---- Stored data

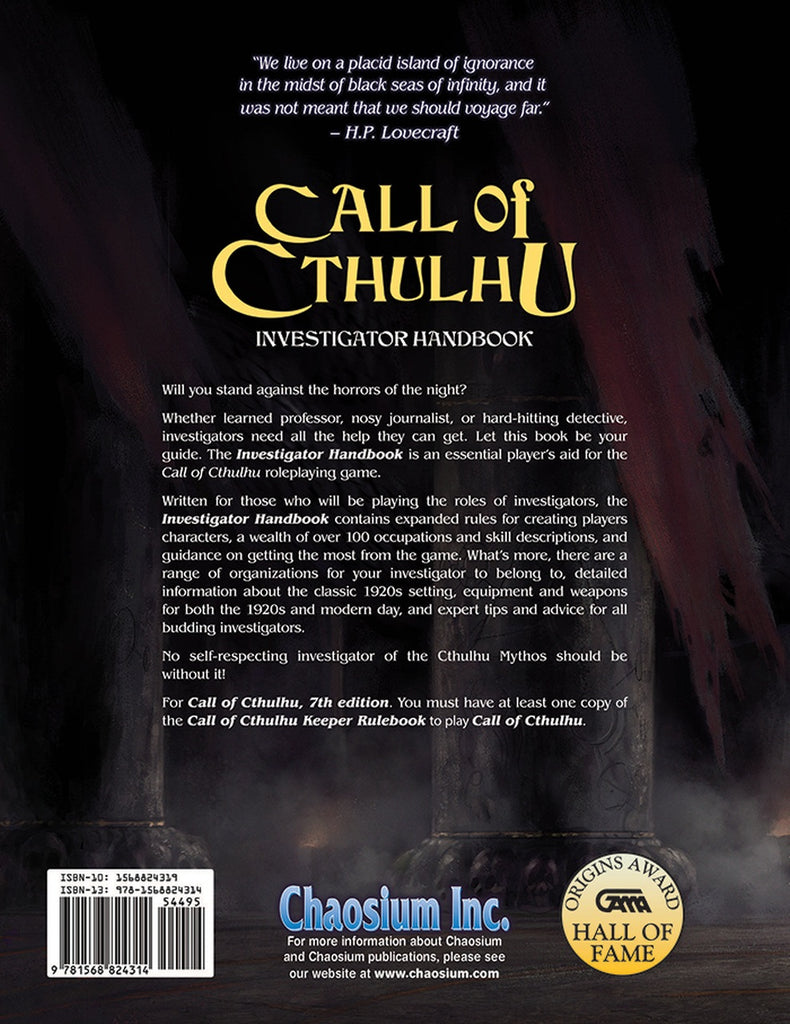 Call of Cthulhu RPG: 7th Edition Investigator Handbook (Hardcover) CHA 23136-H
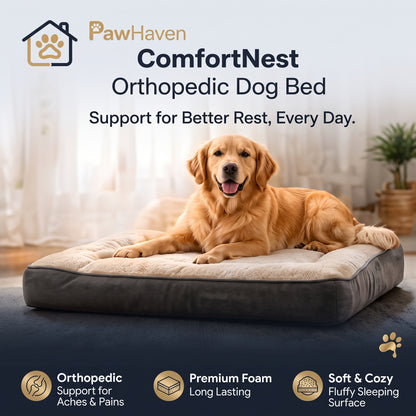 PawNova Home™ ComfortNest Orthopedic Dog Bed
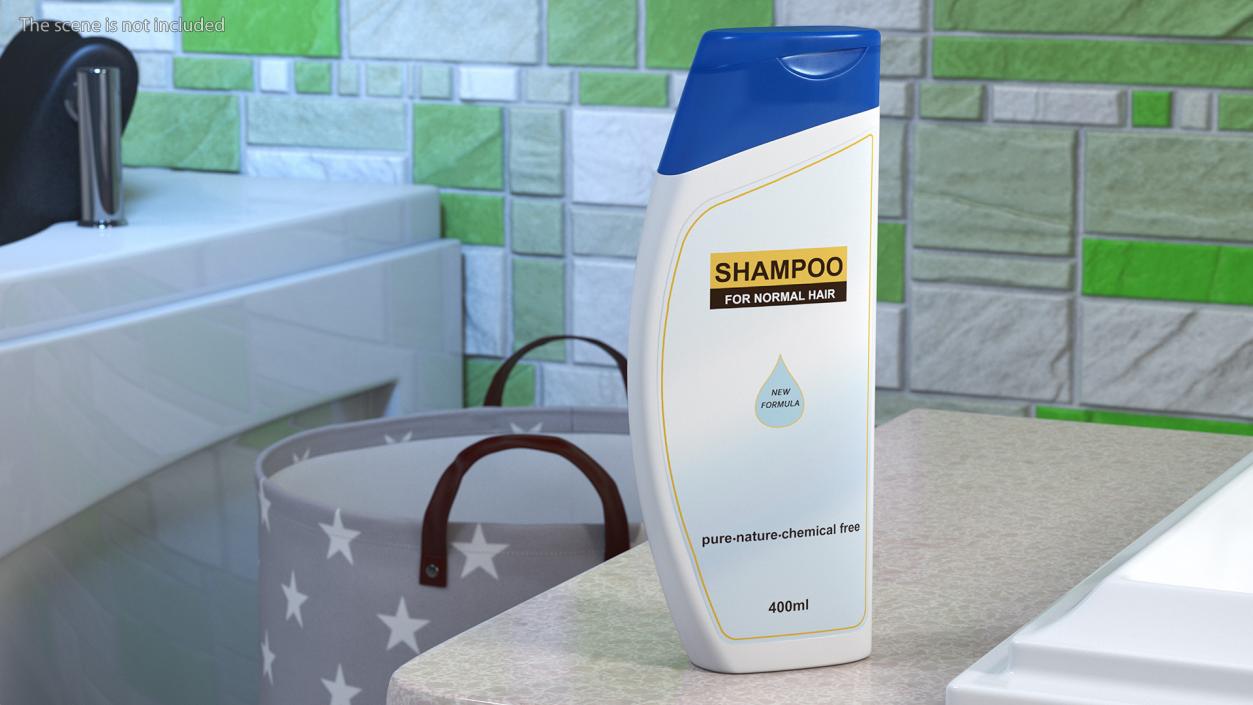 3D Shampoo Bottle Curved Shape 400ml model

--------

Leave the pictures out and return the rest of the listing exactly.

 Call of Cthulhu RPG: 7th Edition Investigator Handbook (Hardcover) CHA 23136-H
 PawNova Home™ ComfortNest Orthopedic Dog Bed
 3D Shampoo Bottle Curved Shape 400ml model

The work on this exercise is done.